The result from Google news vectors return the location names of Pilbara, Port_Hedland and Karratha, which are closely associated with commodity-related locations. Our vectors trained on WAMEX reports return hematite - the most important ore of iron, martite - a type of iron ore, marandoo - the Marandoo iron ore mine in the Pilbara region, iron, west_angelas - the West Angelas iron ore mine in the Pilbara region, windarling - Windarling Iron Ore Mine, mount_newman_member - Australian stratigraphic unit in Hamersley Basin.

The pre-trained Google vectors return the same types of entities, while our data shows all highly related entities, but with different types. For example, when we query associated terms for a location, Google vectors return results that are all location names, while our results return related entities of locations and minerals. More data improves these results and helps to return only entities of that type. So if the question word was a location or a commodity, more data during the training helps to return only locations or commodity types.

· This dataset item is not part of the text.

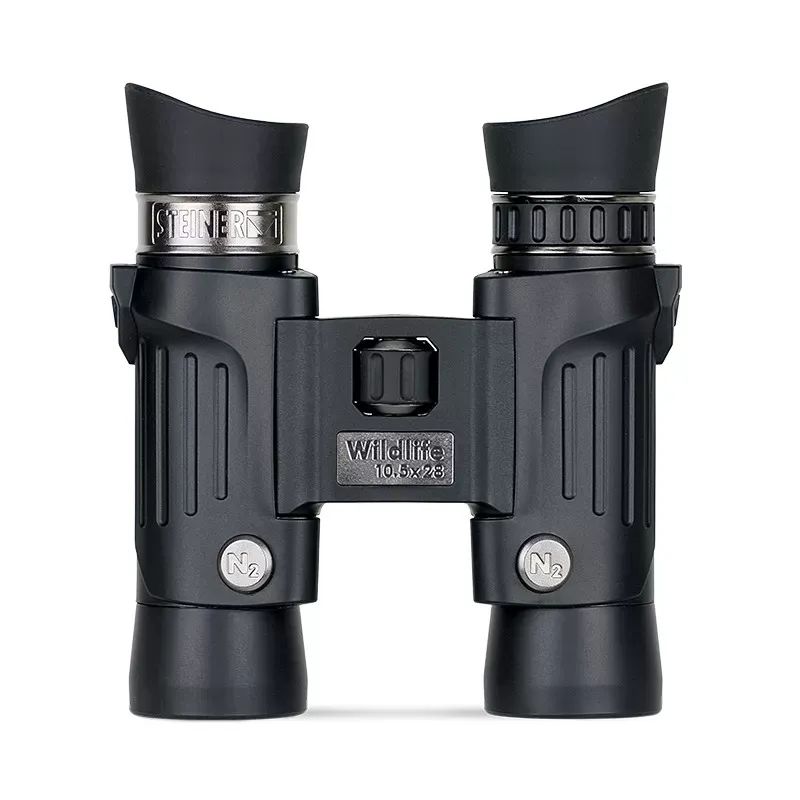 Steiner Wildlife 10,5x28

Table 3. Relation Commodity:Location. Query:

5 Conclusion

In this paper, we investigated how representational learning of words can affect the entity retrieval results from a large domain corpus. Extensive similarity tests and analogy queries have been performed, which demonstrated the necessity of training domain-specific word embeddings. Pre-trained embeddings are good at capturing morphological relations, but are inadequate for domain specific semantic relations. This seemed to only confirmed the obvious, but we also demonstrated that the importance of entity extraction. A dictionary based entity extraction filter is used to create the entity-only datasets, with the sentence structure completely removed. The embeddings trained over the large sequence of entities using Word2Vec and FastText provide meaningful domain-specific semantic relations better than the embeddings based on the raw data. All results are confirmed by multiple sources, such as Wikipedia, relevant external datasets (e.g. GSWA Exploratory Notes), and more importantly, domain experts.

The success of this initial investigation confirmed the feasibility of using vector representations of words for concept or entity retrieval. Other types of embeddings such as those generated from non-linear context should also be investigated. Different analogy solvers such as knowledge graph models are also currently under investigation.